**INPUT:**
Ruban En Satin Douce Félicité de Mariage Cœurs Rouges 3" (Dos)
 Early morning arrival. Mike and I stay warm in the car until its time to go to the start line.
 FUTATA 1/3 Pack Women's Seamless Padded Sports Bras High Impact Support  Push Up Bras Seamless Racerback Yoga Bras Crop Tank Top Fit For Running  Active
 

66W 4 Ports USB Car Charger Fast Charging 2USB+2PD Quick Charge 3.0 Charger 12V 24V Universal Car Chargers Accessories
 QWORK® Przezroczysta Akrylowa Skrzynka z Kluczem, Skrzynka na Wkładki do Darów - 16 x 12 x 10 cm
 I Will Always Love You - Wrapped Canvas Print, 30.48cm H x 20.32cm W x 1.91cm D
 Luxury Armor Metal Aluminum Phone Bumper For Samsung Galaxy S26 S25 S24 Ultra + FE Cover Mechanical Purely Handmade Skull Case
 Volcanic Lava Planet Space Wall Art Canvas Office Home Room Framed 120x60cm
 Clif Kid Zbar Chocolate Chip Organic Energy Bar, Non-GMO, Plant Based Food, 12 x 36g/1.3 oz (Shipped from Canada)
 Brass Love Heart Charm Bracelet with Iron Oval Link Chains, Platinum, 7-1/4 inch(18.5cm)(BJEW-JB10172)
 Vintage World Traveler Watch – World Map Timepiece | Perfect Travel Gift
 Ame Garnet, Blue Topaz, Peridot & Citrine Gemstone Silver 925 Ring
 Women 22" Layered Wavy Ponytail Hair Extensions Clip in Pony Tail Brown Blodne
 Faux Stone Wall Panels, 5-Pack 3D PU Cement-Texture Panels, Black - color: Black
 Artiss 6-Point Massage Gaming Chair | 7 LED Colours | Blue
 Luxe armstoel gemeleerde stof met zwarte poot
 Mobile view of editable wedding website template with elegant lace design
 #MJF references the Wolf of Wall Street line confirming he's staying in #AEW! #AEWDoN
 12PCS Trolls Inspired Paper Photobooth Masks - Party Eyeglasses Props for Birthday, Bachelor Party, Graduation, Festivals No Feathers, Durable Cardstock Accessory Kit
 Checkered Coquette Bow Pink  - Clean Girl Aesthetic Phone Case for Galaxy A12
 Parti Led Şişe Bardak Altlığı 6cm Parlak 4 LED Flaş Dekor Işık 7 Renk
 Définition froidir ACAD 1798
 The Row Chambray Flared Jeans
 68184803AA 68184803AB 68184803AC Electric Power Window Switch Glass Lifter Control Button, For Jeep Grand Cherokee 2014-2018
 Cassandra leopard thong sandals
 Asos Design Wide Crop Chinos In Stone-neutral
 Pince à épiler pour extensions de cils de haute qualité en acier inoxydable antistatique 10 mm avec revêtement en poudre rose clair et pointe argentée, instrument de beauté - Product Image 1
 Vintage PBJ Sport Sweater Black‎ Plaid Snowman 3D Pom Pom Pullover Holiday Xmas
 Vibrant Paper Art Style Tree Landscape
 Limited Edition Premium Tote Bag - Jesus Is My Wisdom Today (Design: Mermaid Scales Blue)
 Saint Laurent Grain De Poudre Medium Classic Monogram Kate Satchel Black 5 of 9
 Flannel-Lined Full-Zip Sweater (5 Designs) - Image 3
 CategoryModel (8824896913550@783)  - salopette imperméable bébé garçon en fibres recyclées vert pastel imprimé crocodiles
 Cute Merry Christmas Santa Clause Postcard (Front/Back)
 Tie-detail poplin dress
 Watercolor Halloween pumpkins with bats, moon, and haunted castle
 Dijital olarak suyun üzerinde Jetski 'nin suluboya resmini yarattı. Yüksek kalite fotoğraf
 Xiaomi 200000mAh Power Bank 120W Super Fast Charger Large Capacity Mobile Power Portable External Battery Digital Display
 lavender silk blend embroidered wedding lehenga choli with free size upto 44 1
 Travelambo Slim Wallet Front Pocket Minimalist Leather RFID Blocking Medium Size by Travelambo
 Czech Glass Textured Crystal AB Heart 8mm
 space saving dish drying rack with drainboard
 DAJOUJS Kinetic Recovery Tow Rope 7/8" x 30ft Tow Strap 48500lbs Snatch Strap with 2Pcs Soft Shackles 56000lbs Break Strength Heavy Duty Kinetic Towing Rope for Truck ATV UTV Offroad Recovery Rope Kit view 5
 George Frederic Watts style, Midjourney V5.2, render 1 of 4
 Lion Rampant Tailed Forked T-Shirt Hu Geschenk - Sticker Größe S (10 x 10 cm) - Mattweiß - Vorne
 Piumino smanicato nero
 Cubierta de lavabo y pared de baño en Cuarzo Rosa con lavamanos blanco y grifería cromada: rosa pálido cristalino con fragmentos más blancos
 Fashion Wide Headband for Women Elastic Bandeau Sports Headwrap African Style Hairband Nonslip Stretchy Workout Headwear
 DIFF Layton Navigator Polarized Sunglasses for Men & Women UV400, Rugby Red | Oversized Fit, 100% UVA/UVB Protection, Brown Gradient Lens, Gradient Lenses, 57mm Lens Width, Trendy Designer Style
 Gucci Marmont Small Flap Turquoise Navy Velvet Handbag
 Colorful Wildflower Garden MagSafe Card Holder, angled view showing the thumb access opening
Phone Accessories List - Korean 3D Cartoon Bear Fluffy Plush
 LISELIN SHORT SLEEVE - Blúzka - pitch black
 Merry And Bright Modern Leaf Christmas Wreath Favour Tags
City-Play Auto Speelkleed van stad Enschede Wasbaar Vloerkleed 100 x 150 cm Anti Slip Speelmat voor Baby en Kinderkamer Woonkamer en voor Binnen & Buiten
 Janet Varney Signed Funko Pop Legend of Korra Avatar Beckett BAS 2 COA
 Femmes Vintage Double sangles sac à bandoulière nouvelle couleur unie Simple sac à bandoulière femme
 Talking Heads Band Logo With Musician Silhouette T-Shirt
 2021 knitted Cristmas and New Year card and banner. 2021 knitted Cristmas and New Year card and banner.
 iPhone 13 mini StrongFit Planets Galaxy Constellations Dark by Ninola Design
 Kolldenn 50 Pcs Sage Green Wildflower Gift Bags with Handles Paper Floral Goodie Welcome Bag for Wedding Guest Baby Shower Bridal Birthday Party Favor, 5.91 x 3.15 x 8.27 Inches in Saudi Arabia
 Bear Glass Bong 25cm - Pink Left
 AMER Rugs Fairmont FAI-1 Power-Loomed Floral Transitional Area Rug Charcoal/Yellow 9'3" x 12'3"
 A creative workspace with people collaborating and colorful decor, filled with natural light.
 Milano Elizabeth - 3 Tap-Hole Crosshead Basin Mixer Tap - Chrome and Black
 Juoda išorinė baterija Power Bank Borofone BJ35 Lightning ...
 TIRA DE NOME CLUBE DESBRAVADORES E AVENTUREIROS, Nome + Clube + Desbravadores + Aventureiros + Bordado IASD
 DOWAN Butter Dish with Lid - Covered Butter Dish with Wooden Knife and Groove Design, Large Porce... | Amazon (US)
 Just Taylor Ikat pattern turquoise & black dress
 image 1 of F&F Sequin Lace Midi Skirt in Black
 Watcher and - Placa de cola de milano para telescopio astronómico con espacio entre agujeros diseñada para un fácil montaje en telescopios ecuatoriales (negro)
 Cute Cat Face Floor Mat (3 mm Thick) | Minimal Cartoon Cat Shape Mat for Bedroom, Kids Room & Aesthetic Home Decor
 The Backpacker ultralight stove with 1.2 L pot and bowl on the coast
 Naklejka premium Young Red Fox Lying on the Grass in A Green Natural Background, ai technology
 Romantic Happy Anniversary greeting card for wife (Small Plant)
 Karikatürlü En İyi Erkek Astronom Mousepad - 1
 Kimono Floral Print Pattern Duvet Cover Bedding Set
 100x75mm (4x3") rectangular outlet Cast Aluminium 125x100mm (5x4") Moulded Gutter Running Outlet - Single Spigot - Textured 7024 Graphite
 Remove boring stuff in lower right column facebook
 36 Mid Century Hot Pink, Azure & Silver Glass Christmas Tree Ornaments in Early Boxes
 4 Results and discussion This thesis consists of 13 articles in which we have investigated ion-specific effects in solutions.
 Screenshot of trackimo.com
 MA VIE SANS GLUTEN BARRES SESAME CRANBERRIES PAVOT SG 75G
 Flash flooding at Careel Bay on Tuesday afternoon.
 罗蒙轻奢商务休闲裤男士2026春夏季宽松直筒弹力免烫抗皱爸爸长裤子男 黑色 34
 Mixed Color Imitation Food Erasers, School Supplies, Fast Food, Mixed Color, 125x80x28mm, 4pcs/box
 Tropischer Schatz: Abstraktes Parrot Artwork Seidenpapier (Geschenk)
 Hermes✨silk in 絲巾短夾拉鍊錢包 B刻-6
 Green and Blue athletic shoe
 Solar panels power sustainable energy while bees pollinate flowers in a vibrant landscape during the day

**WHAT IS REQUIRED:** Only these are to be transcribed: the line with "Textured 7024 Graphite" and every line after it through the last line of the entries, each exactly.

**TASK ANSWER:**
 100x75mm (4x3") rectangular outlet Cast Aluminium 125x100mm (5x4") Moulded Gutter Running Outlet - Single Spigot - Textured 7024 Graphite
 Remove boring stuff in lower right column facebook
 36 Mid Century Hot Pink, Azure & Silver Glass Christmas Tree Ornaments in Early Boxes
 4 Results and discussion This thesis consists of 13 articles in which we have investigated ion-specific effects in solutions.
 Screenshot of trackimo.com
 MA VIE SANS GLUTEN BARRES SESAME CRANBERRIES PAVOT SG 75G
 Flash flooding at Careel Bay on Tuesday afternoon.
 罗蒙轻奢商务休闲裤男士2026春夏季宽松直筒弹力免烫抗皱爸爸长裤子男 黑色 34
 Mixed Color Imitation Food Erasers, School Supplies, Fast Food, Mixed Color, 125x80x28mm, 4pcs/box
 Tropischer Schatz: Abstraktes Parrot Artwork Seidenpapier (Geschenk)
 Hermes✨silk in 絲巾短夾拉鍊錢包 B刻-6
 Green and Blue athletic shoe
 Solar panels power sustainable energy while bees pollinate flowers in a vibrant landscape during the day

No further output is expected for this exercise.